*TASK REQUIREMENTS*: Retype, exactly as written, every line from the one containing "Carrera - 20062477" through the last line of the records below, both included; skip the pictures.

*INFORMATION SHOWN*:
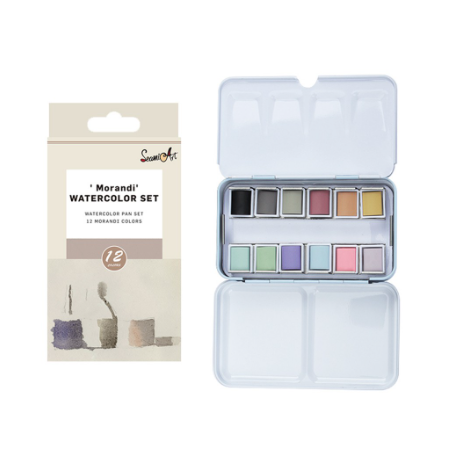 SeamiArt 12 colors Tin Box Solid Watercolor Morandi Color Water Color Paint for Cartoon & Portraits Painting Drawing Art Supplies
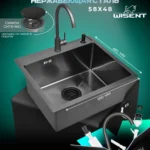 Кухонная мойка из нержавеющей стали WS35848B WISENT (58х48 см) Графит PVD со смесителем, дозатором и итальянским сифоном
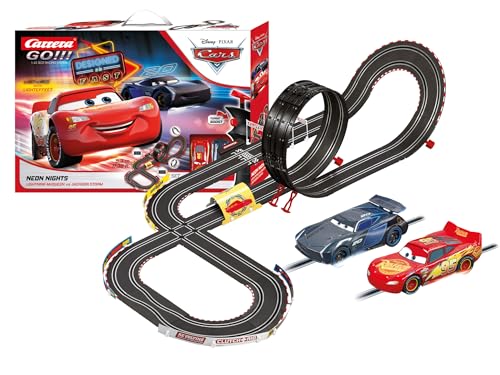 Carrera - 20062477 - Carrera GO!!! Disney Pixar Cars - Neon Nights Rennbahn-Set I Rennbahnen und lizensierte Slotcars | bis zu 2 Spieler | Für Jungs und Mädchen ab 6 Jahren & Erwachsene von Carrera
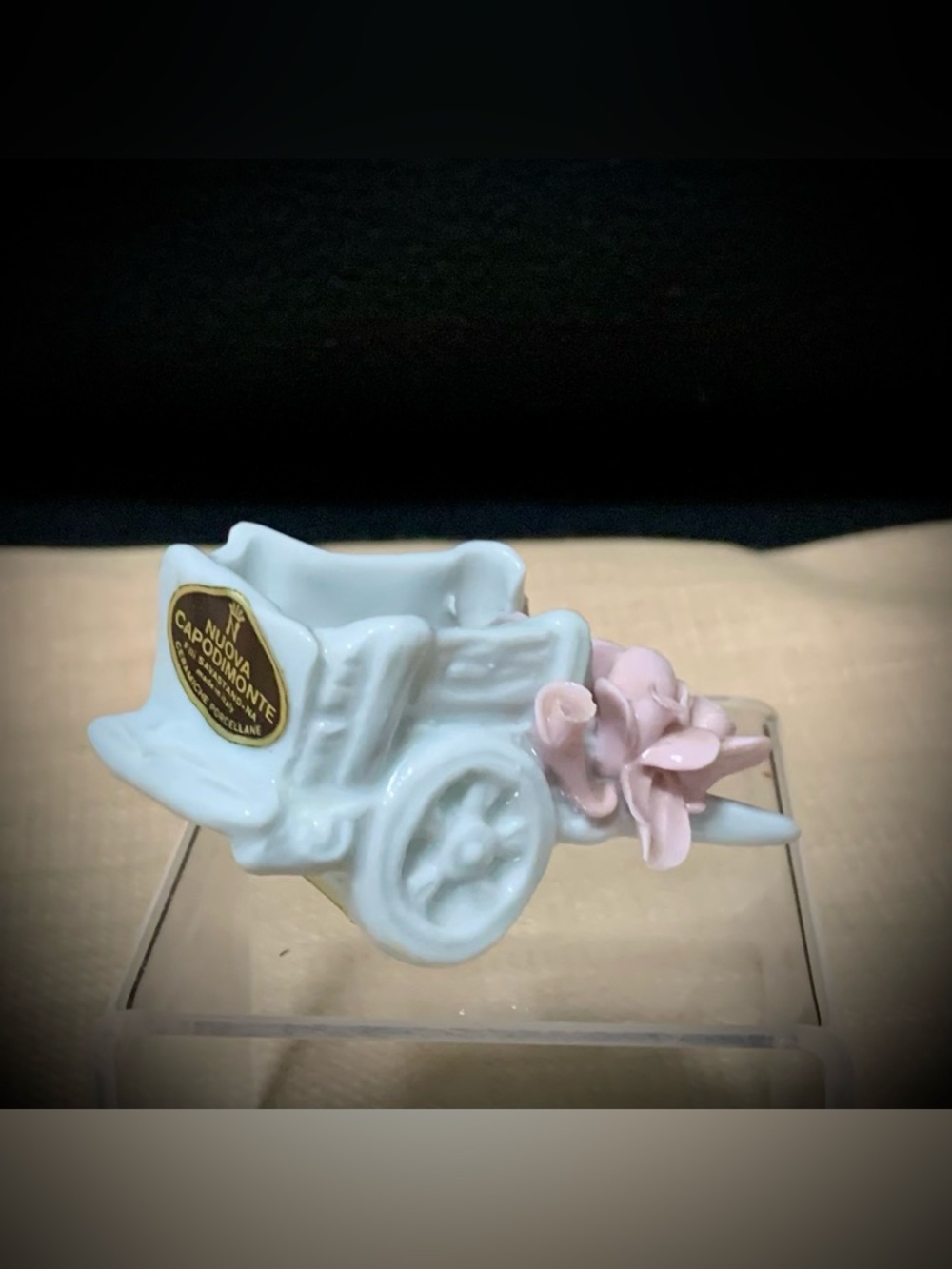 💗Vintage Nuova Capodimonte Italy Miniature Floral Wheelbarrow Cart
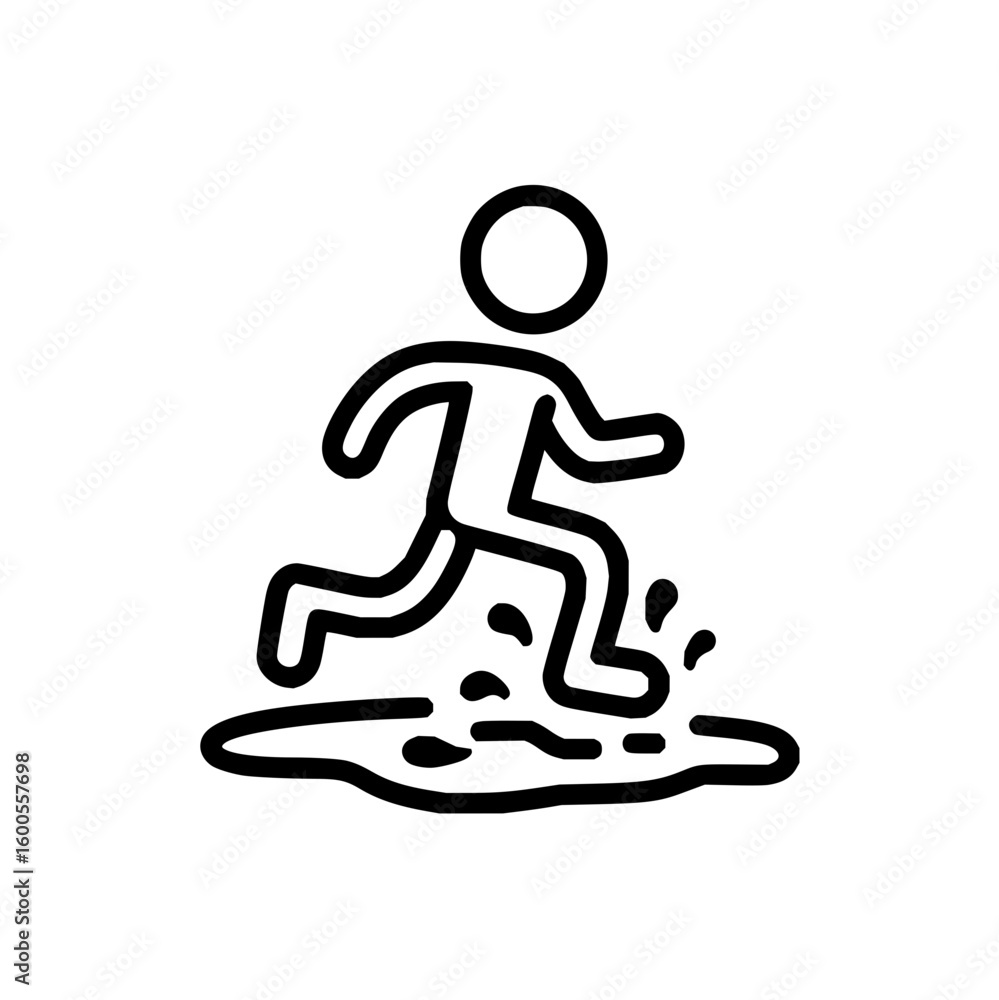 Poster a simple line drawing of a stick figure running or jumping over an obstacle on a white background ar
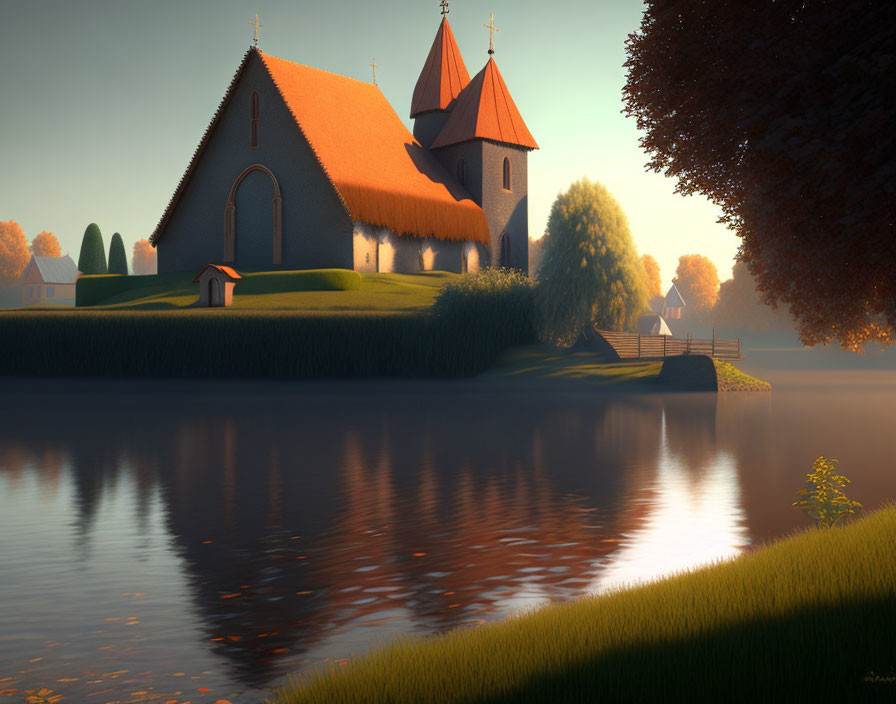 Tranquil church by calm lake at sunset with golden trees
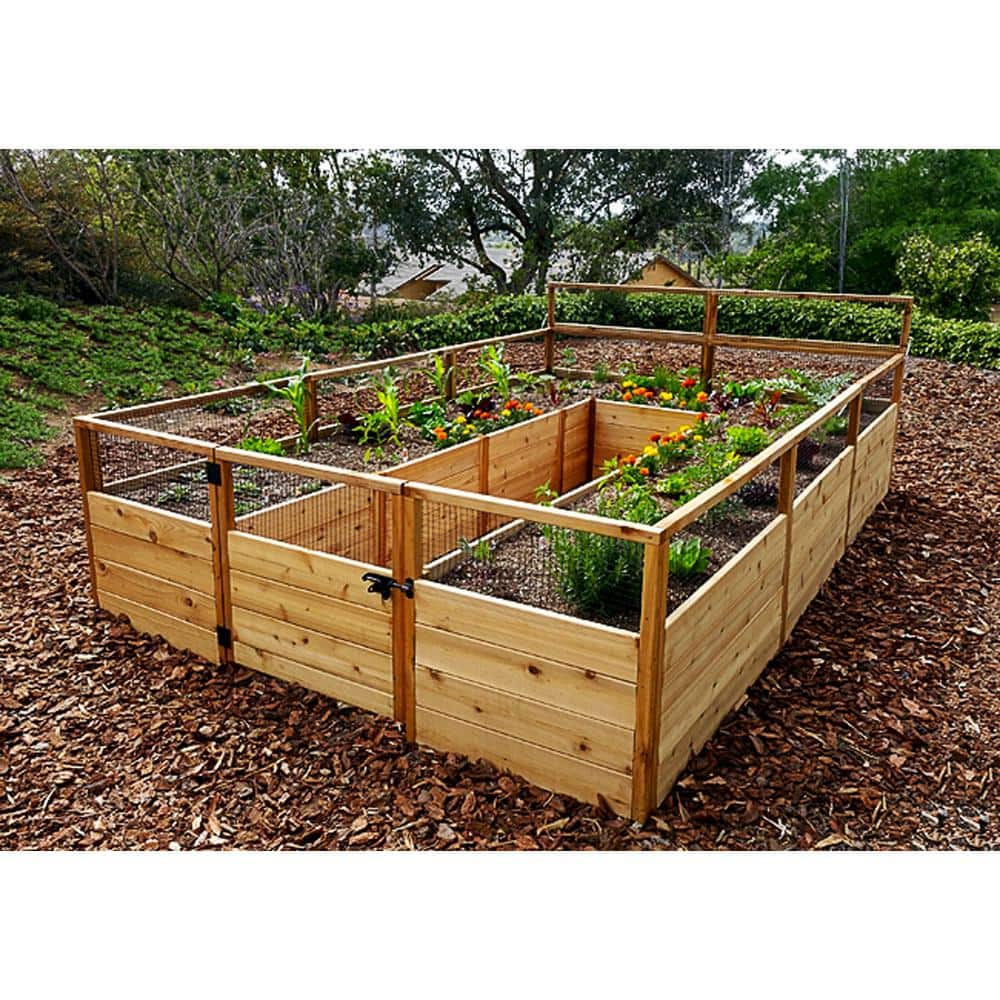 12 ft Cedar Raised Garden Bed with Wire Mesh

*YOUR RESPONSE*:
 Carrera - 20062477 - Carrera GO!!! Disney Pixar Cars - Neon Nights Rennbahn-Set I Rennbahnen und lizensierte Slotcars | bis zu 2 Spieler | Für Jungs und Mädchen ab 6 Jahren & Erwachsene von Carrera
 💗Vintage Nuova Capodimonte Italy Miniature Floral Wheelbarrow Cart
 Poster a simple line drawing of a stick figure running or jumping over an obstacle on a white background ar
 Tranquil church by calm lake at sunset with golden trees
 12 ft Cedar Raised Garden Bed with Wire Mesh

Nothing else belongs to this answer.